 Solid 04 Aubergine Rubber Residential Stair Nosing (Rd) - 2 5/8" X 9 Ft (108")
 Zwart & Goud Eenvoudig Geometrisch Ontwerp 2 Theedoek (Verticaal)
---
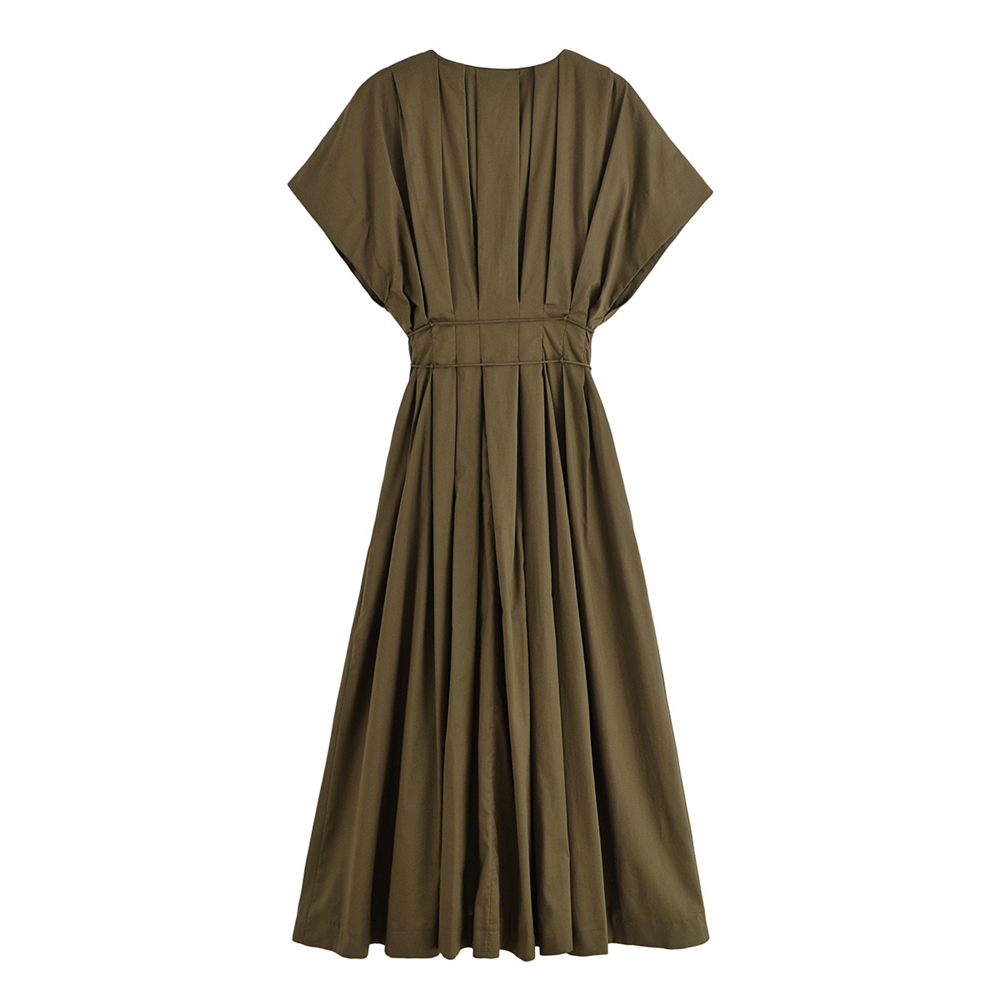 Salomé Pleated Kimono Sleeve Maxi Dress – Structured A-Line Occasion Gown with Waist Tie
* * *
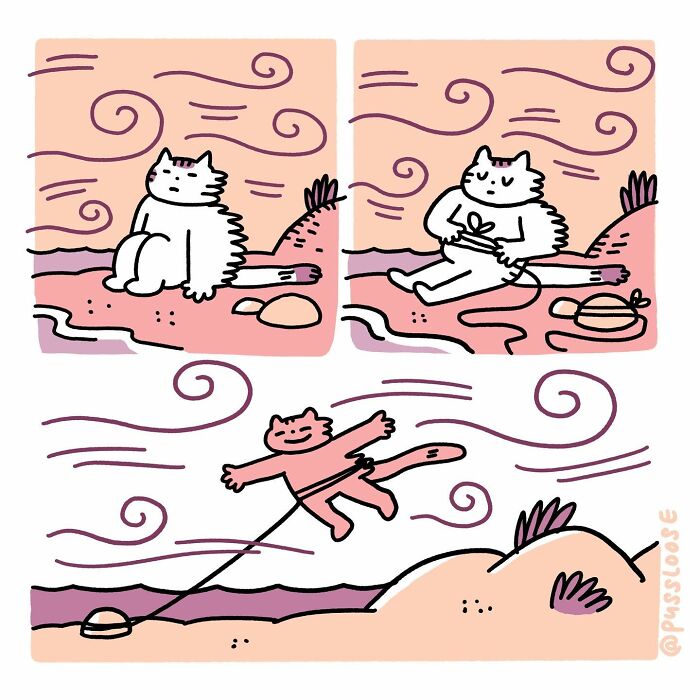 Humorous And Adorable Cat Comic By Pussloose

## Instructions to follow
Starting at the line above that contains "Solid 04 Aubergine", write out each line exactly until the line that contains "Zwart & Goud" has been written, and stop there.

## Result of the task
 Solid 04 Aubergine Rubber Residential Stair Nosing (Rd) - 2 5/8" X 9 Ft (108")
 Zwart & Goud Eenvoudig Geometrisch Ontwerp 2 Theedoek (Verticaal)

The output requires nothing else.